Zaten 1803'te bilime en büyük katkısının ne olacağını formüle etmeye başladı. Şimdiye kadar daha az yaptığı için değil, onu daha fazla ilerletecek olan budur. Her şey, laboratuvarında nitrik oksidin oksijenle yaptığı reaksiyonu incelediği günlerinden birine dayanıyor. Bu sırada, reaksiyonun farklı oranlarda olabileceğini keşfetti. Bazen 1: 1,7, diğer zamanlarda 1: 3,4 olabilir.. Oranlardaki bu varyasyon iyi anlayabileceği bir şey değildi, ancak bu sayede tüm veriler arasındaki ilişkiyi görebildi ve Çoklu Oranlar Yasasının ne olduğunu belirleyebildi.

Bu yasa, bir kimyasal reaksiyonda, iki elementin ağırlıklarının her zaman tam sayı oranlarında birbiriyle birleştiğini söylüyor. Bu yorum sayesinde atom teorisinin ilk ilkelerini gerçekleştirmeye başladı.

Bu araştırmanın sonuçları çok iyiydi ve aynı yıl sözlü olarak iletildi. Yıllarca yazdıktan sonra, 1808'de en ünlü eseri bir kitapta yayınlandı. Kitap adlandırıldı Yeni kimyasal felsefe sistemi. Bu kitapta, atomların tüm temel kavramlarını ve bugün bildiğimiz kurucu madde teorisinin farklı önermelerini toplayabilirsiniz. Dalton Yasası olarak. Daha fazla yorumlamak için, bazı bireysel parçacıkları çizdi, böylece illüstrasyon yoluyla insanlar kimyasal reaksiyonların nasıl çalıştığını daha iyi anlayabildi.

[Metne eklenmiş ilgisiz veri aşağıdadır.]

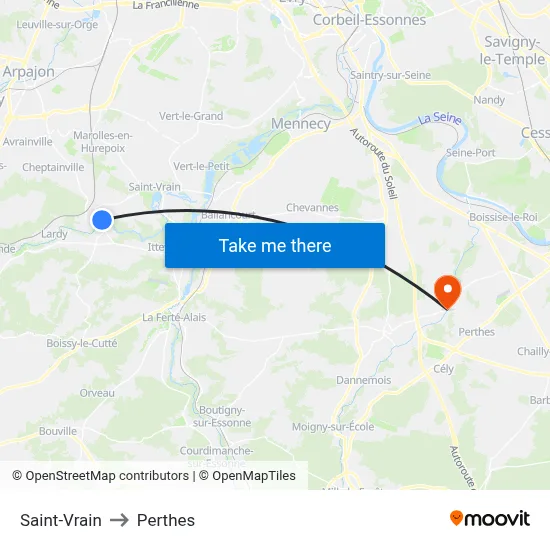 Saint-Vrain to Perthes map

Tüm bunların dışında, bugün periyodik tablonun bir parçası olan atom ağırlıklarının ve sembollerinin ilk listesini yayınlayabildi. Şaşırtıcı olmayan bir şekilde, tüm bilimsel topluluk Dalton'un teorisini onaylamadı.

Kariyerinin sonu

1810'da kitabın ikinci bölümü yayınlandı. Bu bölümde, çalışmaları hakkında ampirik olarak yeni kanıtlar sundu. Bu şekilde teorisinin doğru olduğunu gösterebildi. Yıllar sonra, 1827'de, Teorisinin üçüncü bölümü gün ışığına çıktı. Dalton kendisini bir araştırmacı olarak değil bir öğretmen olarak tanıdı. 1822'den itibaren Kraliyet Cemiyeti üyesi olmasına ve 1825'te bu bilim topluluğundan madalya kazanmasına rağmen, her zaman dersler ve dersler vererek geçimini sağladığını söylerdi.

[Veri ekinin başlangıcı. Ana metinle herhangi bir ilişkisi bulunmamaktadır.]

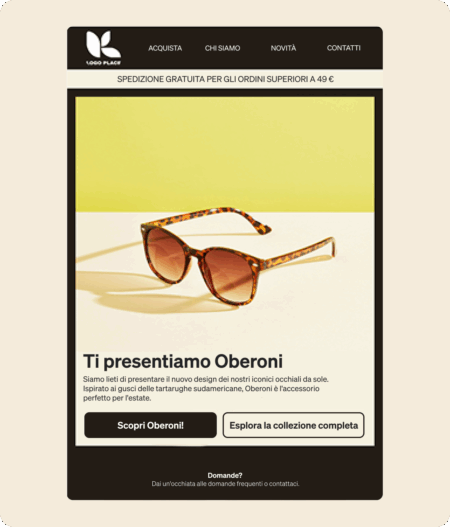 Occhiali da sole tartarugati con lenti marroni su sfondo giallo. Testo promozionale per il modello Oberoni.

Hayatı boyunca yaptığı tüm istismarlar göz önüne alındığında, 1833'te yıllık emekli maaşı aldı. Hayatının son yılları emeklilikte geçti ve 27 Temmuz 1844'te kalp krizinden öldü. Dalton'un isteği üzerine görme hastalığının nedenini tespit etmek için bir otopsi yapıldı. Yıllar sonra renk körlüğü olarak kabul edildi.

Hastalığın gözde bir sorun değil, duyu gücündeki bazı eksikliklerin neden olduğu bir sorun olduğu biliniyordu. Tüm başarıları ve bilime büyük katkısı sayesinde, hükümdar onuruna gömüldü. 400.000'den fazla kişinin katıldığı büyük bir cenaze töreni.

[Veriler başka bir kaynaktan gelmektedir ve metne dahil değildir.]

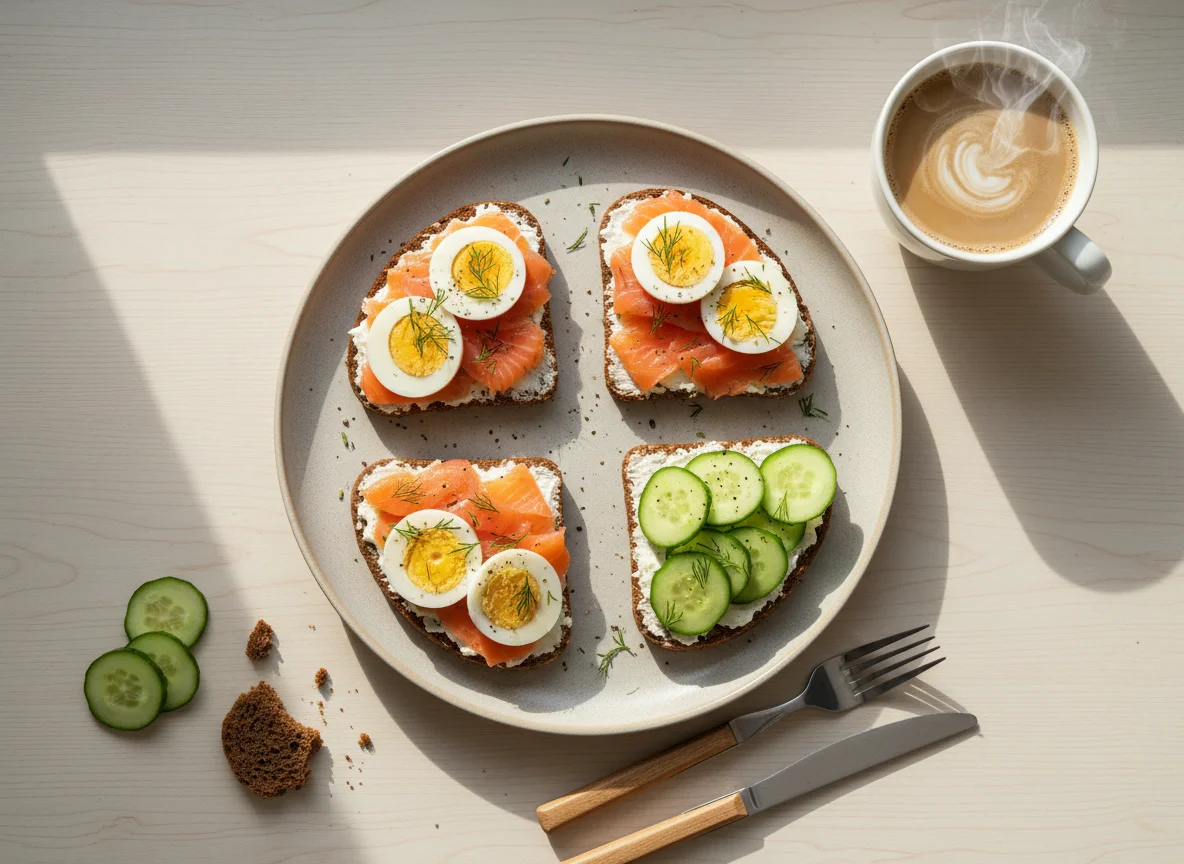 Завтрак с бутербродами с лососем и яйцами photo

Gördüğünüz gibi John Dalton, araştırmasının merakı ve azmi sayesinde bilim dünyasında ilerlemeyi ve katkıda bulunmayı başaran bir bilim adamıydı. Bu, kendimizi gerçekten sevdiğimiz şeylere adamanın önemini ve hayatımızın bunun etrafında döndüğünü öğrenmemizi sağlar.


İlk yorumu siz

Yorumunuzu bırakın

E-posta hesabınız yayınlanmayacak. Gerekli alanlar ile işaretlenmiştir *

*

*

  1. Verilerden sorumlu: Miguel Ángel Gatón
  2. Verilerin amacı: Kontrol SPAM, yorum yönetimi.
  3. Meşruiyet: Onayınız
  4. Verilerin iletilmesi: Veriler, yasal zorunluluk dışında üçüncü kişilere iletilmeyecektir.
  5. Veri depolama: Occentus Networks (AB) tarafından barındırılan veritabanı
  6. Haklar: Bilgilerinizi istediğiniz zaman sınırlayabilir, kurtarabilir ve silebilirsiniz.